L’élève de Feldman, Nils Vigeland, raconte qu’un jour il demanda, stupéfait, comment il pouvait construire pendant 20 minutes des combinaisons des mêmes trois sons chromatiques (« Et les neuf autres ?! »), ce à quoi Feldman répondit : « I’m looking for the space between the cracks » (« Je cherche l'espace entre les interstices »). Cette attention portée aux qualités subtiles du son, plutôt qu’au développement, séduisit non seulement ses propres étudiants, mais fit écho à un mouvement culturel plus large où répétition, statisme et formules incantatoires gagnaient en importance, avec à l’avant-garde le minimalisme américain.
La Canadienne Barbara Monk Feldman (°1953) partit en 1985 étudier auprès de Feldman à Buffalo, et deux ans plus tard — quelques mois avant la mort du compositeur — elle l’épousa. Sa musique partage quelque chose de cette sensualité, ce qui n’a rien d’étonnant. The Northern Shore fut d’abord conçu pour deux formations possibles : un trio violon, piano et percussion, ou une version orchestrale où l’orchestre remplaçait la partie du violon. Trouver l’équilibre entre l’énergie du piano et de la percussion d’un côté, et celle du violon ou de l’orchestre de l’autre, ne se révéla pas simple. Elle décida finalement de retravailler l’œuvre, et la version de 2018 s’apparente davantage à un concerto répartissant les rôles entre le petit orchestre et les deux solistes, tout en conservant cette qualité fragile et statique.
On retrouve cette même attention aux détails, aux couleurs et à la richesse née de la combinaison de sons tenus ou répétés dans Oscen (2019) de Sarah Davachi (°1987). Influencée par le minimalisme, elle aussi recherche une expérience d’écoute sensuelle, mais davantage par les effets psychoacoustiques qui naissent de la combinaison très précise d’intervalles adaptés. Si Oscen s’ouvre encore sur des motifs répétés, ceux-ci laissent peu à peu place à de longues tenues, qui, combinées à la bande électronique, suggèrent une atmosphère proche de l’ambient.

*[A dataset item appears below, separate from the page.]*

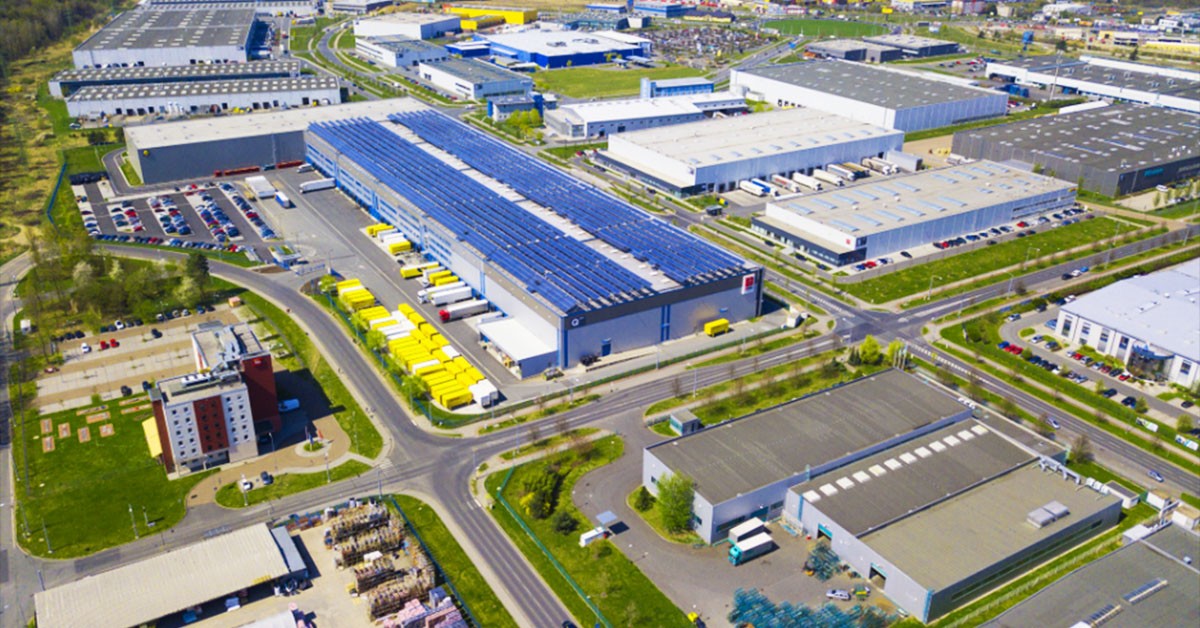 Industrial Drones for Warehouse Operations: Benefits and Usage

Parmi les compositeurs qui croisèrent Feldman à Buffalo, Julius Eastman (1940-1990) fut sans doute l’une des figures les plus marquantes. Chanteur virtuose — il s’illustra dans l’enregistrement des Eight Songs for a Mad King de Peter Maxwell Davies et chanta dans l’ensemble de Meredith Monk, sa voix restant gravée dans Dolmen Music —, il sut comme compositeur donner une tournure personnelle et vigoureuse aux inspirations du minimalisme. Marginal à plus d’un titre, en tant qu’homme noir et homosexuel, il mena une vie flamboyante qui bascula dans les années 1980 dans une spirale de dépendances et de marginalité : expulsé de son logement, il survécut un temps comme sans-abri dans Tompkins Square Park, avant de mourir presque anonymement dans un hôpital de Buffalo. Sa musique n’hésite pas à exploiter la puissance hypnotique de la répétition pour en faire des déclarations vigoureuses, parfois provocantes, tout en recelant de multiples références à la spiritualité et à la symbolique religieuse. The Holy Presence of Joan d’Arc (1981), pour dix violoncelles, est porté du début à la fin par une pulsation inlassable et des motifs à l’intensité proche du riff, plus proche du rock que de l’éther feldmanien. La référence religieuse du titre suggère une quête de transcendance — mais qui jaillit ici d’une extase exaltée.